**PROBLEM STATEMENT**. The lines from the one holding "Appartement 4 pièces" to the final line of the listing below are to be duplicated exactly, with both ends included and pictures omitted.

**MATERIAL PROVIDED**.
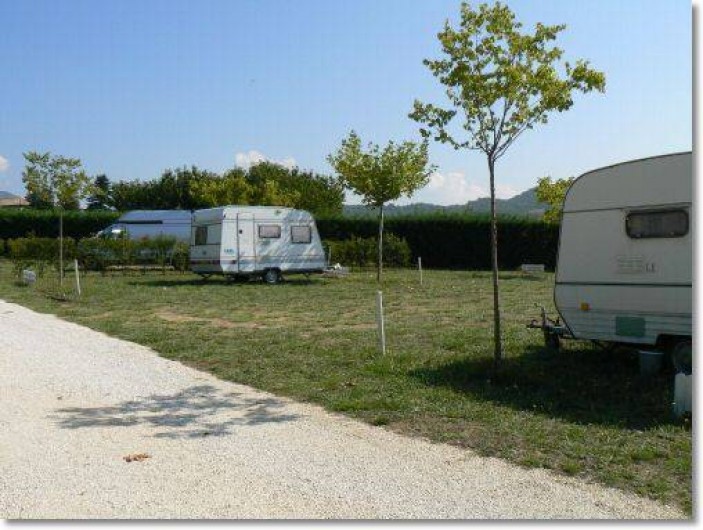 Location de vacances - Camping à Saint-Pantaléon-les-Vignes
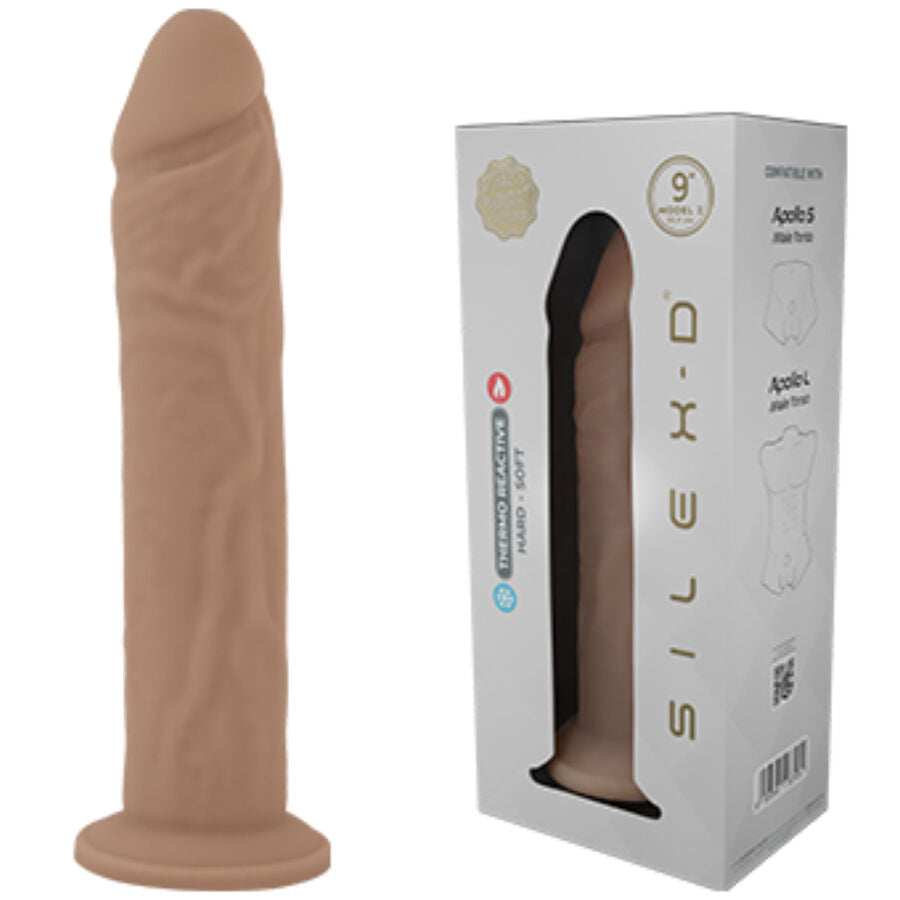 Close-up do Dildo Realista SILEXD Modelo 9 de Silicone Líquido Termo-Reativo 22,8cm, destacando sua textura e detalhes realistas.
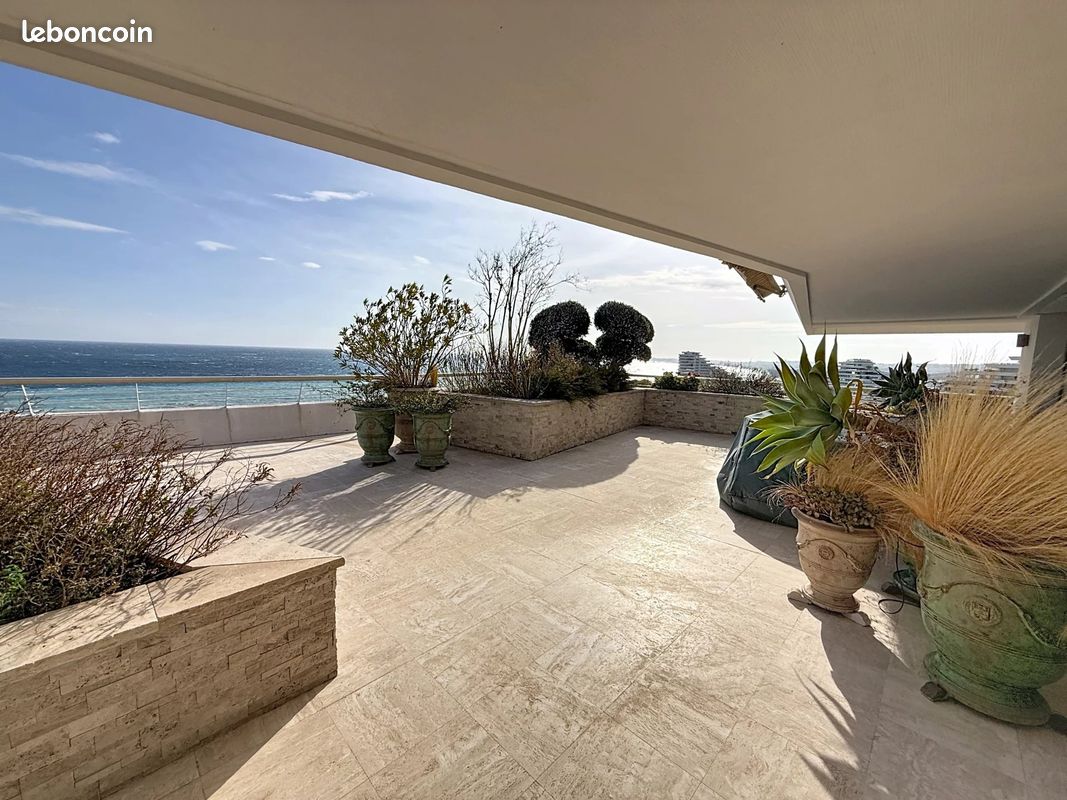 Appartement 4 pièces 132 m² · à Villeneuve-Loubet · 132 m² · 1 995 000 €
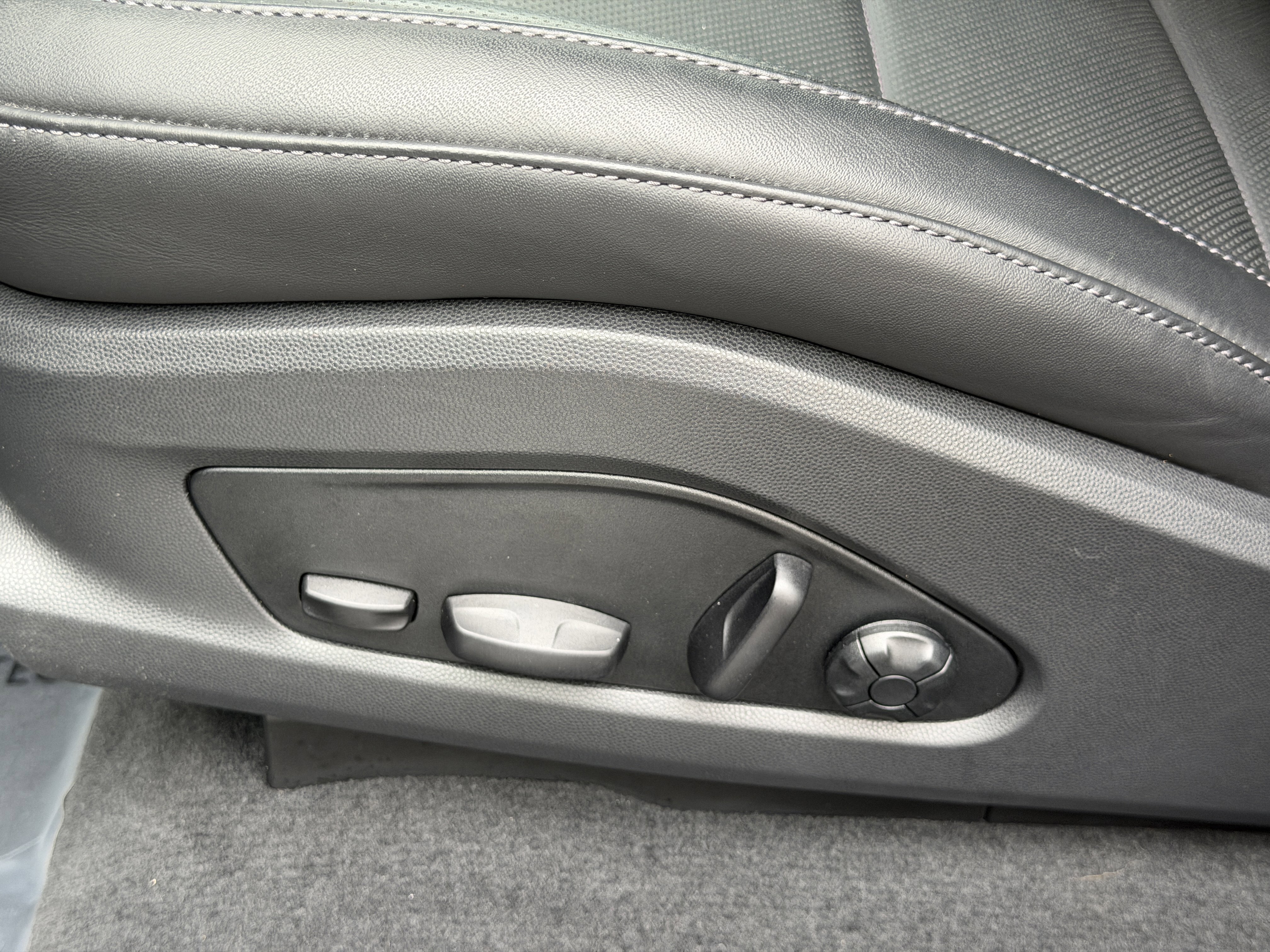 Used 2024 Porsche Macan 4 Electric image 27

**OUTPUT FOR THIS EXERCISE**.
 Appartement 4 pièces 132 m² · à Villeneuve-Loubet · 132 m² · 1 995 000 €
 Used 2024 Porsche Macan 4 Electric image 27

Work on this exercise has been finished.